I was curious, as often is the case, so I asked the five local pastors in my hometown how they knew someone was ready to be baptized. The answers varied widely from simple profession of faith in Jesus, to more pronounced statements of allegiance to the 28 Fundamental Beliefs, with one answer calling for an outright creed of believing in the true God and Ellen White as His prophet. Besides this attempted Adventist version of the Islamic Shahada, I left worried but established in what I have read and known before: we as Adventist have no real church wide, researched informed, approach to preparing someone for baptism, i.e., catechism. I’ve written on the human-relational involvement needed for helping people successfully see our church as home. Here, I want to bring out an idea for a better way of understanding baptismal preparation.
Yes, denominational indoctrination is simply there because Christianity in general has become denominationally divided over centuries…usually over non essentials and through idolizing points of doctrinal information and practices that matter little concerning faith in God through Christ and the Spirit, and belonging to his people. While denominational Christianity can be viewed as the idea that there is a comfortable fit for all different types out there, it also can be viewed as religious tribalism, with Adventism being a particularly virulent form of it.
In fact, the gospel calls people out of such tribalism based on race, gender, social, and even religious identities, into the diverse unity of the faith. It holds out the announcement that Jesus is the awaited messiah/king. It calls people to faith in/allegiance to him and joining up with him and his diverse body as a follower who will contribute to his restorative kingdom program on earth.
It’s more about who we know than what we know, and what practical ways we live this out in real time and real spirit led community to make a difference in the world…large or small. It is about bringing, not only individually but together as local bodies of believers, the gracious rule of God to bear in the here and now that points also to the future when God will consummate his gracious rule on earth as it is in heaven. It’s not primarily about having all the correct information…what denominationalism is unhealthily all about. It’s also not primarily about converting people so they can be assured of an escape to heaven after death…as if a personal relationship with Jesus that guarantees this is what the gospel is solely about. It is far more. This is the big picture gospel of the NT that finds its roots in the promises of the Old.
The church from the Middle Ages until now, and this is amplified in SDAism, has gotten it backwards.
It’s difficult to remember something that isn’t true.
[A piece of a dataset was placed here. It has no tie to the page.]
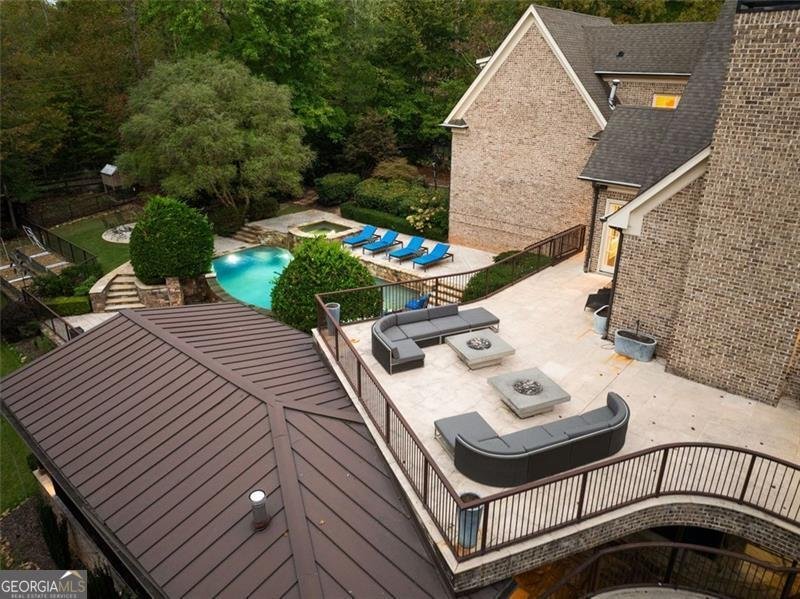 11015 Stroup Road Roswell - 84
If SDA’s need to be reminded of anything, it’s that if it weren’t for EGW there would be no Adventist church and without her “spirit” of prophecy (as opposed to any real prophetic gift) there would be no need to consider how to onboard new recruits.
IOW, if Adventists were more honest, and “remembered” to mention their existentially important fourth element of the Holy Trinity when preparing newbies for baptism, perhaps they wouldn’t eventually lose so many of the new sheep they bring into the fold.
Really? that is a real stretch. The Shahada says: "“There is no God but God and Muhammad is the Messenger of Allah.”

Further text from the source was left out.